Pete Buttigieg Ready to Use ‘Privileges’ to Tear Down ‘Walls’ Between Oppressed Groups
South Bend Mayor and Democratic presidential contender Pete Buttigieg used a campaign rally on Saturday to address concerns that running as a white man from a privileged background could keep him from understanding female and minority issues.
“I may be part of the L.G.B.T.Q. community. But being a gay man doesn’t even tell me what it’s like to be a trans woman of color in that same community, let alone an undocumented mother of four or a disabled veteran or a displaced autoworker,” Buttigieg said at the event hosted by the Human Rights Campaign.
Buttigieg’s rallies have been filled with a mostly white audience. He has had rapid and incredible success fundraising – his campaign wallet is fuller than the majority of his Democratic rivals. His donors and supporters include some of the wealthiest LGBT people in the country, from television producer Richie Jackson to Bryan Rafanelli and Mark Walsh, longtime confidants of the Clintons.
However, Buttigieg has admitted that his “first serious mistake as mayor” was firing Darryl Boykins, South Bend’s first ever Black police chief, after Boykins recorded phone conversations of his officers saying racist things. The officers didn’t know they were being recorded and Boykins confronted them about it.

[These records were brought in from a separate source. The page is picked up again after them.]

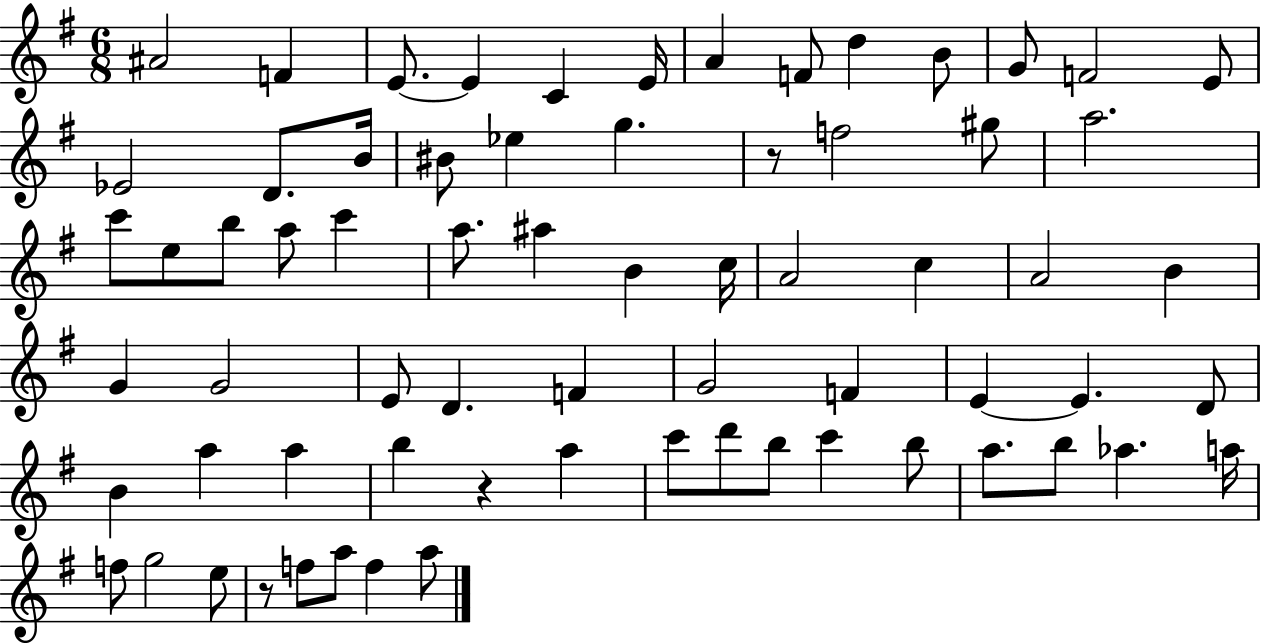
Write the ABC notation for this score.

X:1
T:Untitled
M:6/8
L:1/4
K:G
^A2 F E/2 E C E/4 A F/2 d B/2 G/2 F2 E/2 _E2 D/2 B/4 ^B/2 _e g z/2 f2 ^g/2 a2 c'/2 e/2 b/2 a/2 c' a/2 ^a B c/4 A2 c A2 B G G2 E/2 D F G2 F E E D/2 B a a b z a c'/2 d'/2 b/2 c' b/2 a/2 b/2 _a a/4 f/2 g2 e/2 z/2 f/2 a/2 f a/2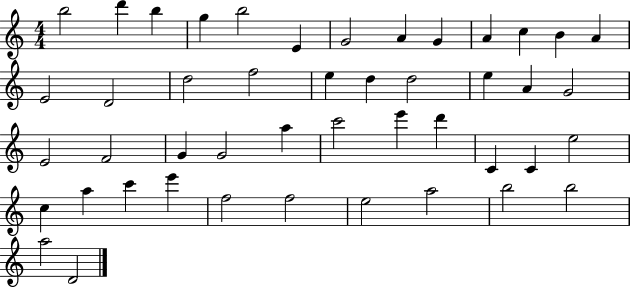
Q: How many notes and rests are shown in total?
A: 46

The officers reported Boykins to the FBI, which resulted in a wiretapping investigation. Buttigieg came under fire when he kept the information about the investigation to himself and then abruptly asked for Boykins resignation two months later without even listening to the tapes.
Buttigieg and chief of staff Mike Schmuhl were later sued for “racial animus” by Boykins. Police Communications Director Karen DePaepe, whose recordings of the conversations led to the FBI being notified by the officers, sued for wrongful termination. Both lawsuits led to settlements by the city in 2013 for $575,000.